Smith takes the self-serious English literary canon and disrupts it through satire, irony and humour.
Such stories of deceit are scattered across Smith’s books. In NW, the protagonist’s father shows him a photographic collection of his life in Garvey House in the 1970s, a council estate on which he still lives. Though the images evoke nostalgia, the father is frustrated that it costs ‘twenty-nine quid!’ and that a white man took photographs without consent or payment—another unfulfilled reparation:
‘How you gonna just sell that under English law? There’s no way. In a public building from the council? I don’t think so. Go to the library, look at the law books. Where’s my money? He’s selling my image on the Internets? My image? I don’t think so. Where’s my rights under the English law?’
The legal system works as system of trust, good faith and promise, constructed to deliver justice. But when it’s used to legitimise British colonisation (the Crown’s acceptance of terra nullius or the East India Company’s expansion into India are some examples), it’s obvious this ‘fairness’ applies only to a select group.
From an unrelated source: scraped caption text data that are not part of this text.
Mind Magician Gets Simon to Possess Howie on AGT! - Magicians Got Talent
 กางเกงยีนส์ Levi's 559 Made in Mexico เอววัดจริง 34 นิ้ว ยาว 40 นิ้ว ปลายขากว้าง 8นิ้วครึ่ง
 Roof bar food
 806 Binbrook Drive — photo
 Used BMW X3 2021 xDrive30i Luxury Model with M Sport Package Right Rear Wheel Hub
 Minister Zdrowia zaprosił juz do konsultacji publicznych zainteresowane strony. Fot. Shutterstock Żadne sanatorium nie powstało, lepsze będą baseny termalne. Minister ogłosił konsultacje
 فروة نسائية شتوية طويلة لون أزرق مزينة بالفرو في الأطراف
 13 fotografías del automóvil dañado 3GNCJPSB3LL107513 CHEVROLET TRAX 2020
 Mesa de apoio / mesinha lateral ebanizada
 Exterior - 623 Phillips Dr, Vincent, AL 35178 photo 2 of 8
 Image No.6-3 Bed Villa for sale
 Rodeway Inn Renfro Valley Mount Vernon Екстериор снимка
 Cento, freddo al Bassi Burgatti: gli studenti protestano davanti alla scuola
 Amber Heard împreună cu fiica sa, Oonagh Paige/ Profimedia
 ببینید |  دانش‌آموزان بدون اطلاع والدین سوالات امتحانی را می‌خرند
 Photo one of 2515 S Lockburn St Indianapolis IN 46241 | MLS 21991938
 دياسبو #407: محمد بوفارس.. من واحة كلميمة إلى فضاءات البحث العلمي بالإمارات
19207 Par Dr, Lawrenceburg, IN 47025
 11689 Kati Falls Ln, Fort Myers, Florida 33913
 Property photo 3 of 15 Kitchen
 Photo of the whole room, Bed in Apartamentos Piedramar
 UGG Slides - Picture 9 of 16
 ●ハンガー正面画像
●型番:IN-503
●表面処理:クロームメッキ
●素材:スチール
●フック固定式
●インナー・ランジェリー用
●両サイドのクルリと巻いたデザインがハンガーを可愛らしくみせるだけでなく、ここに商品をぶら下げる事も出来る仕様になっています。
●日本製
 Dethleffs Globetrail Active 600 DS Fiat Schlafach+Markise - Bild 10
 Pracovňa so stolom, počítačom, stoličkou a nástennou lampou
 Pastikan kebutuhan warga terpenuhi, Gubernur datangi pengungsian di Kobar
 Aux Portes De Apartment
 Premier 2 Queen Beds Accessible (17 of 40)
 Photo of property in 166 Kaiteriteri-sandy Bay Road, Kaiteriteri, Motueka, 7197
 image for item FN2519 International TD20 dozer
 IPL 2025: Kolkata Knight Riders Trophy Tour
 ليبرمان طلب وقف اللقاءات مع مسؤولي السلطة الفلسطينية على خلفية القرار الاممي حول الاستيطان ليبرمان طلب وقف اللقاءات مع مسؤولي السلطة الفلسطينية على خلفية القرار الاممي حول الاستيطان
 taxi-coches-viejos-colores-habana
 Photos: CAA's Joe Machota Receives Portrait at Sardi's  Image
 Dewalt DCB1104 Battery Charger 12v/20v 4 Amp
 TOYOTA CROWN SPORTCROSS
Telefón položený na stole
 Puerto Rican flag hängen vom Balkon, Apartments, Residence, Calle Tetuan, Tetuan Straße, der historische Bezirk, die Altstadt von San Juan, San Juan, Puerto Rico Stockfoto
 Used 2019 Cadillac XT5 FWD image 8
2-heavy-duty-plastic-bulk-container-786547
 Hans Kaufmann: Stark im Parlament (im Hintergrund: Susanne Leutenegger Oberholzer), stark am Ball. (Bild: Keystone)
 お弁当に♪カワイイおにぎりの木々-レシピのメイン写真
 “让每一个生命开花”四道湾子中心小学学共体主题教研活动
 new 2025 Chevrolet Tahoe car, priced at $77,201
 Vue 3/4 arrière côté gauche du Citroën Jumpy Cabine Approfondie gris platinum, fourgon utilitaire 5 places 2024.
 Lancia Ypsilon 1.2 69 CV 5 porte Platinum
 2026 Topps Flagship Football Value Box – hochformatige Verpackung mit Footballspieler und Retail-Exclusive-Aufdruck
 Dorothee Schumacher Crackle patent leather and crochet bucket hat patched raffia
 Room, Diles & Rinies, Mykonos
Although Britain prides itself on being the first country to abolish slavery (William feels ‘our debt to the African is surely paid in full’), it fails to remember how Parliament legislated compensation to slave owners for their loss of ‘property’ in the years that followed.
A believer of this justice system, Eliza takes pride in her abolition work and ‘liberal passions’. Yet beneath this veneer, she displays a different, more insidious strain of racism, at least next to William’s; Eliza is ‘astonished’ at Bogle’s articulate questioning of the justice system and patronises his arguments as she ‘raised her eyebrows, like a teacher surprised at a bright student’. For Henry, it’s clear that the law is a farce:
‘Where does this come from? This power? To bestow freedom. Every Englishman I meet seems to think he has it.’
This criticism of the English legal system is further interrogated in The Fraud as the Tichborne case unfolds. Towards the end of court proceedings, ‘it occurred to Mrs Touchet that the law—much as she idealised it in her own mind—did not itself have sufficient rules, and some of the ones it had felt somewhat arbitrary’. Here, England’s facade falls apart. Although the Slavery Abolition Act passed in the British parliament in 1833, the novel depicts deeply distressing details of its continuation in colonial Jamaica for a further four years. Cotton from the Caribbean continued to arrive in Manchester. Eliza’s annual pension is revealed to be ‘sugar money’ through her dead husband.
Underneath Eliza’s snarky comments is a real grievance about the literary establishment.
We can see how Smith’s preoccupations have amalgamated, coming to the fore much more clearly in this new work. The lessons of the Tichborne case appear in NW’s contemporary setting too, when a university professor delivers a lecture to law students:
‘Hundreds of witnesses stand in the dock: good friends, ex-teachers, ex-nurses, ex-lovers. They all say: That’s Tichborne. The man’s own mother gets up there and points: That’s my son. Reason tells us the real Tichborne could speak French. And yet. And when “reason prevailed”, why did people riot in the streets. Don’t put too much faith in reason.’